Thomas Bricmont

Iniesta contre le monde

Iniesta c’est un peu l’anti-Cristiano Ronaldo. La beauté contre la performance, la grâce face aux robotiques musculeux du foot 2.0

A quelque chose malheur est bon. Samedi dernier, le climat de terreur des derniers jours avait obligé les autorités communales à reporter la rencontre entre Lokeren et Anderlecht quelques jours après l’annulation d’un bien plus prometteur Belgique-Espagne. Car pour être tout à fait honnête, on n’a pas du tout regretté le Daknam, le crachin glacial qui s’est invité à la noirceur de novembre, cette tribune de presse parquée au coin de corner, une équipe de Lokeren terrée dans l’anonymat du bas de tableau, des Anderlechtois tournés vers leur match européen de la dernière chance à Monaco ou encore la mise en scène grossière d’après-match de Georges Leekens.

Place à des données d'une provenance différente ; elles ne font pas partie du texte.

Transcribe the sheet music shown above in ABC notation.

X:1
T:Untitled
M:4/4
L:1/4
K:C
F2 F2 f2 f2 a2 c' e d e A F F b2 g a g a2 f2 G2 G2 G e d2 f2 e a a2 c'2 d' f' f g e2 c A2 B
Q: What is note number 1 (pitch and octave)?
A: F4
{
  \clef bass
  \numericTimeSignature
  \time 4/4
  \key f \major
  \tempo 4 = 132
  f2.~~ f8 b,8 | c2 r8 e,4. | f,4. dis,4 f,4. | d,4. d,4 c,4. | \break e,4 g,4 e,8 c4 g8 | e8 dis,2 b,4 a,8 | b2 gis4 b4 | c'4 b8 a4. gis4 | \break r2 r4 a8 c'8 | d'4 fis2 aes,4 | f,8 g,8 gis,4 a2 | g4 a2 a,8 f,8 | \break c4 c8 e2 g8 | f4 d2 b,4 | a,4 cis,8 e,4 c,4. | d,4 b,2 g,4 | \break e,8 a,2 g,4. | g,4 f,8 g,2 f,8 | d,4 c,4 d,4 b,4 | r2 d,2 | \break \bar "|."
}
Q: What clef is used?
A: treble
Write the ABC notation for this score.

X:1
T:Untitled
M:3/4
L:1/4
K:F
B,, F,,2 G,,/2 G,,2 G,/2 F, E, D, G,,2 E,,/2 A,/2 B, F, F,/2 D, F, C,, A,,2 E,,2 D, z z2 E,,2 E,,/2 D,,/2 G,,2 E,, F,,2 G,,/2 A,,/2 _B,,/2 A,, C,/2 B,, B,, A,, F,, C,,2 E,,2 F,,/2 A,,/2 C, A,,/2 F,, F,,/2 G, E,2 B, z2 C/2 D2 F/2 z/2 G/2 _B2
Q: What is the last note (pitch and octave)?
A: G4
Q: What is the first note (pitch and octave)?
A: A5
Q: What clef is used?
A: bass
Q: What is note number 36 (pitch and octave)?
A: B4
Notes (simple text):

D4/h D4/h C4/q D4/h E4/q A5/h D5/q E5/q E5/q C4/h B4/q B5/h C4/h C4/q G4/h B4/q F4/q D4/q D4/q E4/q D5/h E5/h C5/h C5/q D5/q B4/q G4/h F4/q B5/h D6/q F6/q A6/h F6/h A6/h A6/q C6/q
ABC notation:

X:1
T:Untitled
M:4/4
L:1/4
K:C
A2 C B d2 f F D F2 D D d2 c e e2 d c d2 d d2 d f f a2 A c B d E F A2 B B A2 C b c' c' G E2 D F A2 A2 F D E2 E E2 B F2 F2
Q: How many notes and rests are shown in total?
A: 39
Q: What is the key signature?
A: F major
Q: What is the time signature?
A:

Le lendemain, il n’y avait pas quoi faire des bonds non plus. A Sclessin, ceux qui ont bravé le froid, leurs craintes, les contrôles de sécurité ont dû se demander pourquoi tant ce Standard-Courtrai fut d’un ennui profond. Les ayatollah du tableau noir vous diront sûrement que cette opposition entre deux jeunes coaches prometteurs fut intéressante tactiquement, mais les autres, bien plus nombreux, retiendront une purge pour les yeux. Le foot italien version catenaccio a semble-t-il marqué profondément Johan Walem, dont on louera le rapport points (22) par buts (15) de 1,46 alors que son homologue Yannick Ferrera peut se targuer d’avoir remporté les matches « de l’année », à Charleroi et face à Anderlecht, mais est bien loin d’entrevoir un avenir radieux. Ailleurs, rien ou presque. Une seizième journée que l’on aura aucune peine à oublier (et ce malgré les frustrations malheureuses du duo carolo, Mazzu-Bayat). La Belgique du foot, comme le reste, n’avait pas la tête à ça.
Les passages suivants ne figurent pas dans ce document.